While Waterman claims he’s strictly “nonpartisan” in contrast to McGrath, his only Federal Elections Commission record lists a September 2006 contribution to the Montana Democratic Party for $375. According the FEC, McGrath has contributed $1,750, all to Democrats. Just in case you’re wondering, all of Pat Cotter’s donations before she joined the court were to – Democrats.

Ya hear the echo?

Waterman further announced he’s not taking PAC money and further asked “special interest groups such as the U.S. Chamber of Commerce” not to throw money into the chief justice race.

Not-so-funny thing is, the U.S. Chamber has never tossed money at the Supreme Court race in the past … that’s been the de-facto bailiwick of Montana’s two “lawyer parties,” the Montana Trial Lawyers Association (MTLA) and the more-conservative Montana Bar Association.

Because our Commission of Political Practices is so far behind the curve, I had to scrounge up the conservative Hardliner blog for information on the “party” role played by MTLA and other PACs in the Supreme Court election – in 2004.

In 2004, MTLA’s PAC made “independent expenditures” of over $308,000 supporting liberal Jim Nelson over conservative Cindy Younkin in that justice race; $141,000 of that came from only nine trial lawyers, including Jim Hunt, who lost the 2008 Democrat primary for Congress to populist gadfly Jim Driscoll. The PAC formed to support Younkin only raised about $40,000.

It seems that no real choices are being presented for Supreme Court this year. All the candidates clearly sit on one side of the ideological bench.

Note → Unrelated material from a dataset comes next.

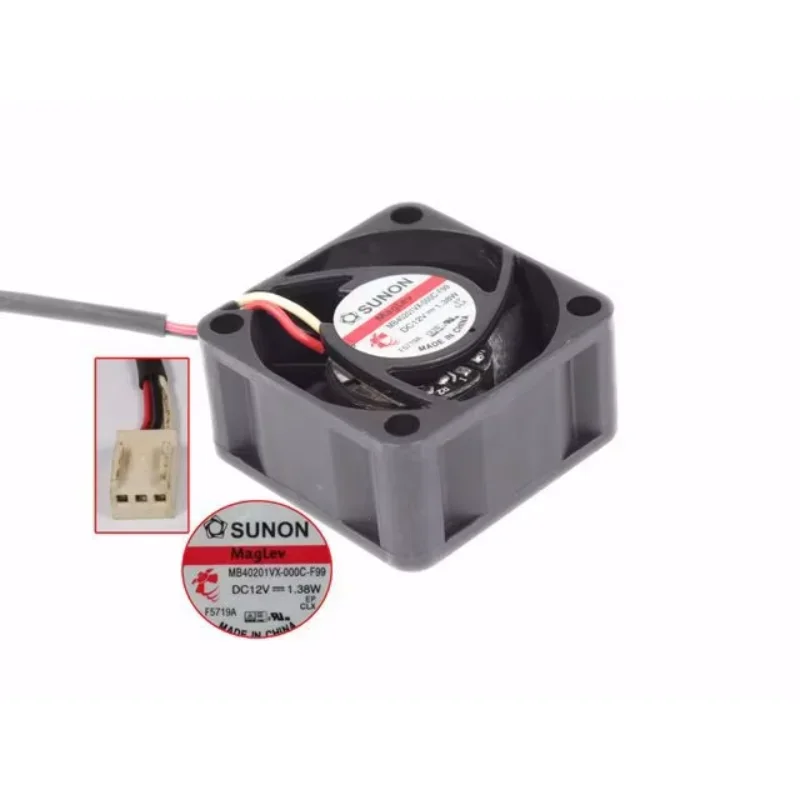 SUNON MB40201VX-000C-F99 DC 12V 1.38W 40x40x20mm 3-Wire Server Cooling Fan
SUNON MB40201VX-000C-F99 DC 12V 1.38W 40x40x20mm 3-Wire Server Cooling Fan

Worse, it appears that the “nonpartisan” nature of this supposed “vote of the people,” idealistically enshrined in our “most progressive” state Constitution, has instead created a “democracy” that depends utterly on which exclusive lawyer faction raises the most money.

And what’s the unintended consequence? Our judicial branch has become the exclusive playground of those with a vested interest in picking who hears the cases presented. This year at least, I find it impossible to mark my ballot for, um, “Justice.”